Their feelings seemed genuine, but their fervor is clearly being fuelled by the propaganda. And, according to several reports on social media, some of these pro-Russian supporters are actually “actors” or provocatuers, showing up in different towns around the country, claiming to be locals.
As I filmed in Kharkiv, I was often met with cries, of “liar!” Both sides of the conflict are convinced the Western media is distorting their positions. At one point, after being identified as a Western journalist, the women I had been talking to were joined by younger, more menacing men, who demanded to see my documents. They claimed to be Kharkiv locals, but sported Russian flags. When I turned my camera on a nearby group, two of the brutes approached me, pushing my camera away and telling me “I can add your name to the list of one hundred martyrs in Kiev.”
The day before, near that very spot, a mob of Russia supporters had stormed a local government building and brutally beaten pro-Kiev demonstrators, leaving two dead. A 25-year-old Muscovite scaled the government building, lowered the Ukrainian flag and raised the Russian banner in its place. Reports suggested many of the mob had arrived that day on 20 buses from across the Russia border.
Just yesterday, Russian activists reportedly killed a pro-Kiev supporter in Donetsk, and there is increasing talk in the country about similar plans for provocations over the weekend.
On Sunday, the day of the referendum in Crimea, some people in Kharkiv are planning to hold their own unofficial referendum on declaring independence and aligning with Russia. With Russian tanks now only 30 km from the town this is all feeling quite ominous.
The world may be focusing on the vote in Crimea Sunday, but with the results essentially already in, the big question is what happens next?
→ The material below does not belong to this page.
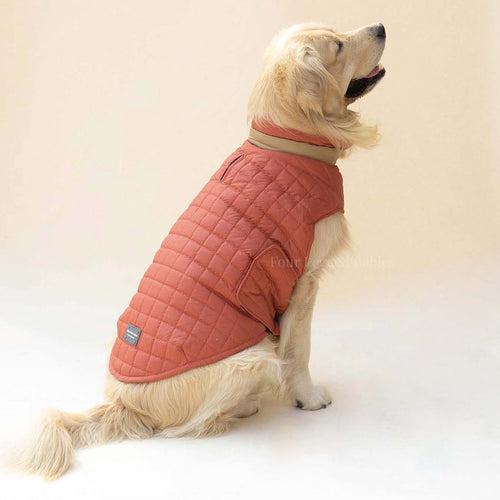 Quilted Dog jacket Coral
If Russian soldiers move beyond Crimea and onto the Ukrainian mainland, or pro-Russian paramilitaries expand their operations, the thousands of pro-Kiev fighters who cut their teeth in the revolution could well react. And the simmering conflict could erupt into something much more violent.
It has been reported that Right Sector are arming themselves for such an eventuality. Many of the fighters I met, some only 16 or 17, tell me they wouldn’t think twice about going to oppose a Russian occupation.
The chances of Putin sending Russian troops into eastern Ukraine still seems unlikely, but the sight of 8,000 heavily armed Russian troops gathered on the border near Kharkiv means western governments must now be considering how to react if the worst happens.